During the third quarter of 2023, the GDP soared to 4.9% propelled by consumer expenditure, despite a decrease in personal savings, indicating potential upcoming financial worries.
Growth fueled by consumer expenditure and private inventory.
The personal savings rate declines from 5.2% to 3.8%.
The real gross domestic product (GDP) experienced a 4.9% upsurge in the third quarter of 2023, almost doubling the growth rate of 2.1% in the previous quarter, according to preliminary estimates from the Bureau of Economic Analysis. It should be noted that this data is subject to updates, with a more comprehensive report set for release on November 29, 2023.
The growth in GDP can be attributed to heightened consumer spending in both goods and services. Key contributors in the services sector were housing, utilities, healthcare, financial services, and food services. Additionally, non-durable goods, such as prescription drugs and recreational goods, along with vehicles, played a significant role in the goods sector.
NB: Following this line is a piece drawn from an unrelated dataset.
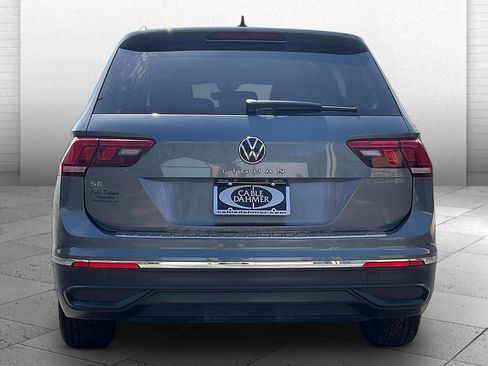 Used 2023 Volkswagen Tiguan SE w/ Panoramic Sunroof Package image 3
There were significant increases in private inventory investment, particularly in manufacturing and retail trade, and an upswing in federal, state, and local government spending. However, a decrease in nonresidential fixed investment slightly moderated this expansion.
The third quarter witnessed an acceleration in the GDP growth rate, primarily due to increased consumer spending, private inventory investment, and federal spending. There were also improvements in exports and residential fixed investment. On the other hand, nonresidential fixed investment declined, and state and local government spending decelerated. The current dollar GDP for the third quarter grew by 8.5%, reaching $27.62 trillion, while the price index for gross domestic purchases rose by 3.0%.
Regarding personal finance, current-dollar personal income increased by $199.5 billion in the third quarter, albeit at a lower rate than in Q2. Despite a rise in disposable income, real disposable personal income declined by 1.0%. Savings also decreased, with the saving rate dropping from 5.2% in Q2 to 3.8% in Q3.
Considering the overall robust GDP growth, along with increased consumer and government spending, the short-term economic outlook appears optimistic. However, the decline in personal savings and nonresidential fixed investment may warrant close observation in the upcoming months.